**Task statement**
Lines from the one containing "기미 잡티 없애는 미백 기능성 화장품, 효과적인 성분과 사용 순서" through the final line of the data, restated word for word and free of pictures, make up the whole answer.

**Supplied material**
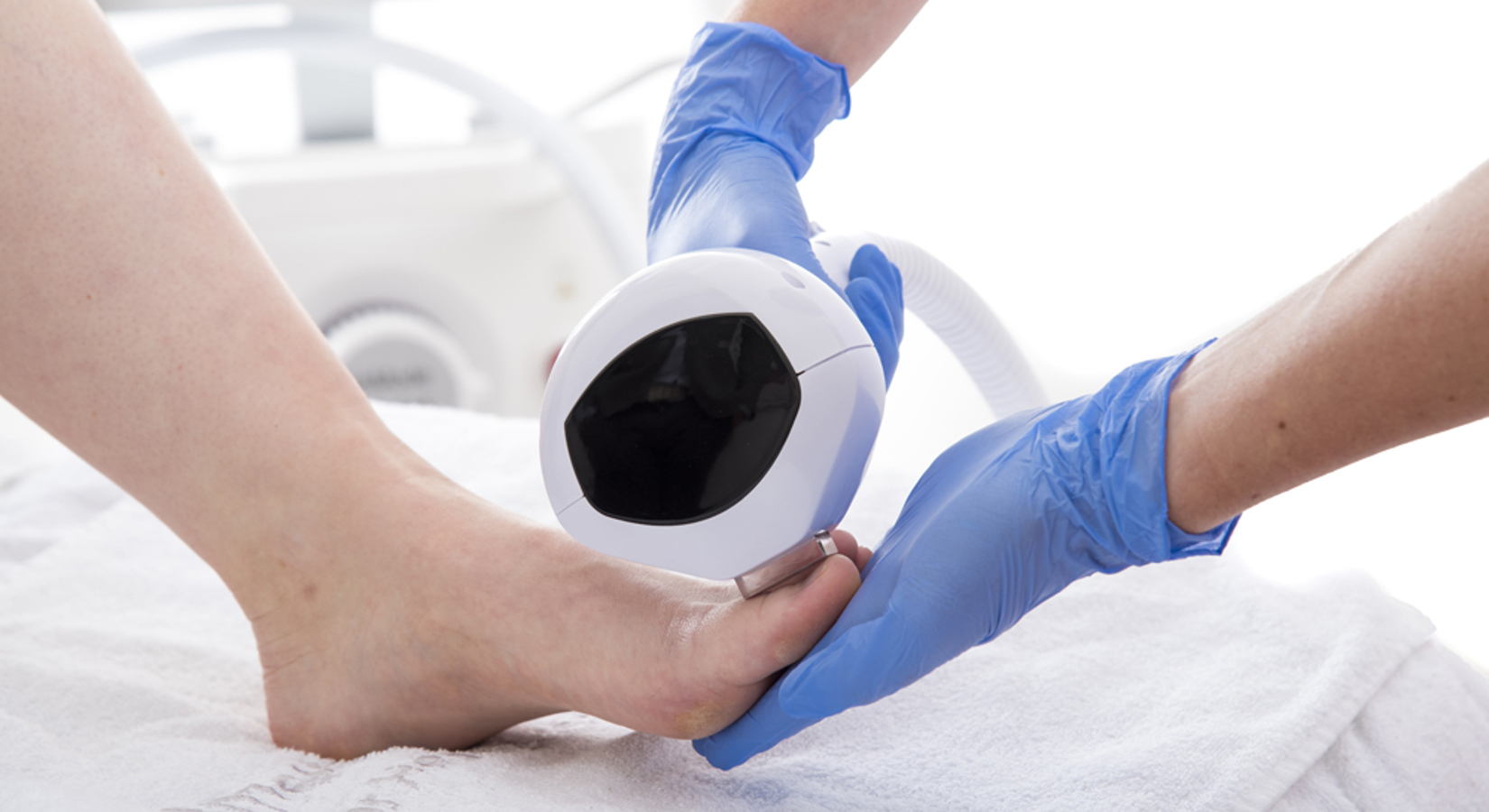 Header Schimmelnagels In De Zomer Wat Nu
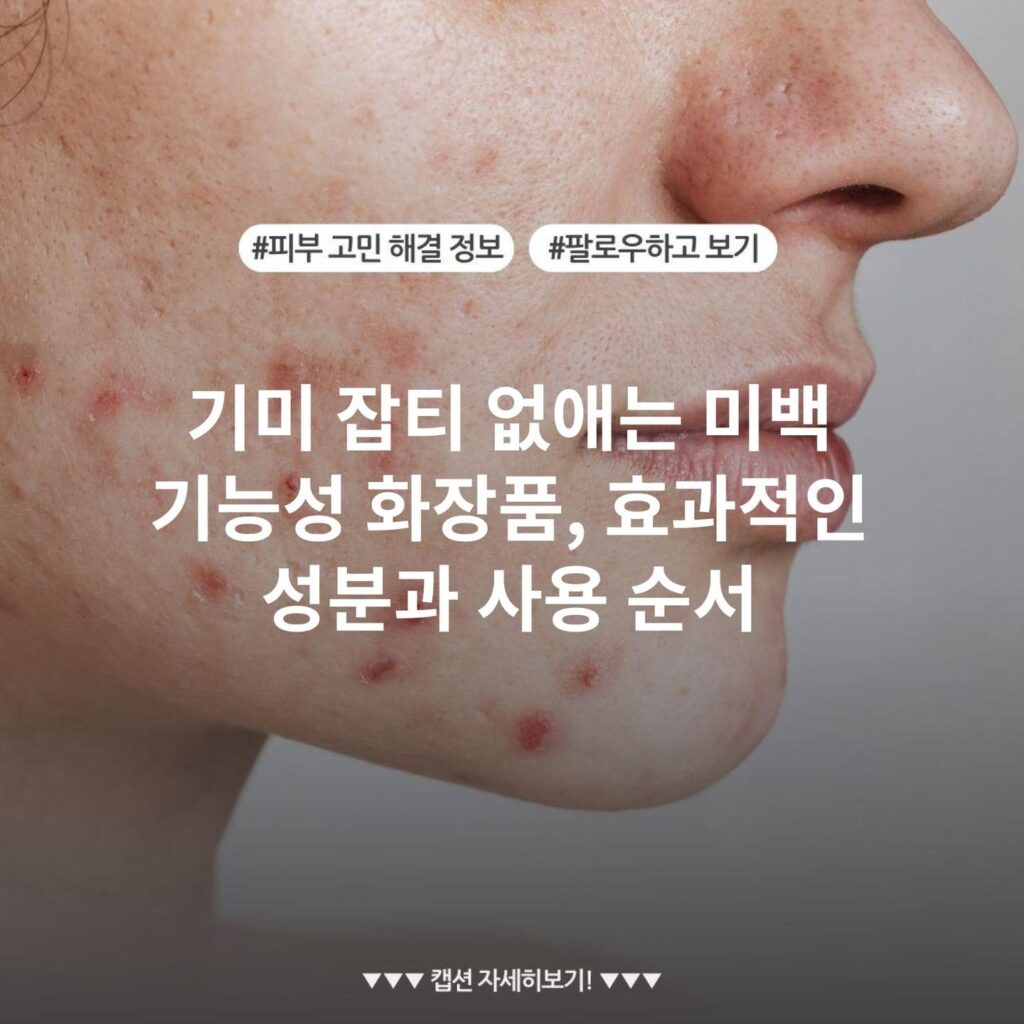 기미 잡티 없애는 미백 기능성 화장품, 효과적인 성분과 사용 순서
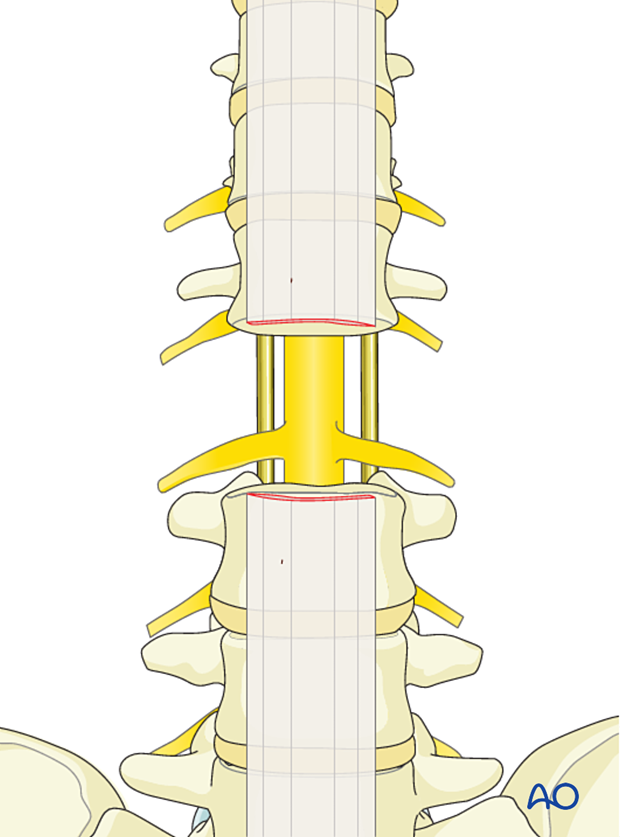 Anterior view of the spine with the L2 body and primary tumor removed and posterior rod stabilization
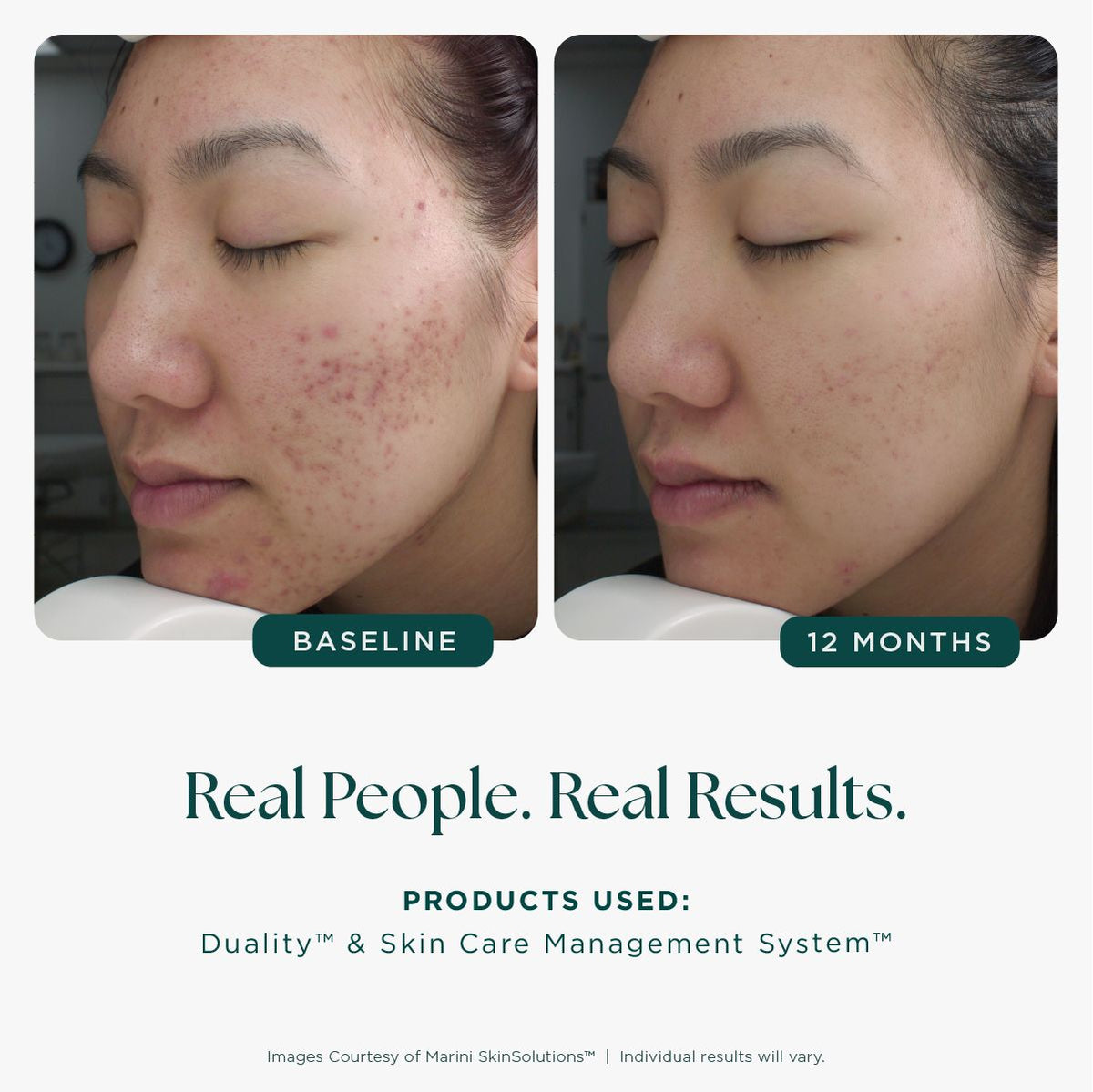 Marini SkinSolutions Duality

**Response to the exercise**
 기미 잡티 없애는 미백 기능성 화장품, 효과적인 성분과 사용 순서
 Anterior view of the spine with the L2 body and primary tumor removed and posterior rod stabilization
 Marini SkinSolutions Duality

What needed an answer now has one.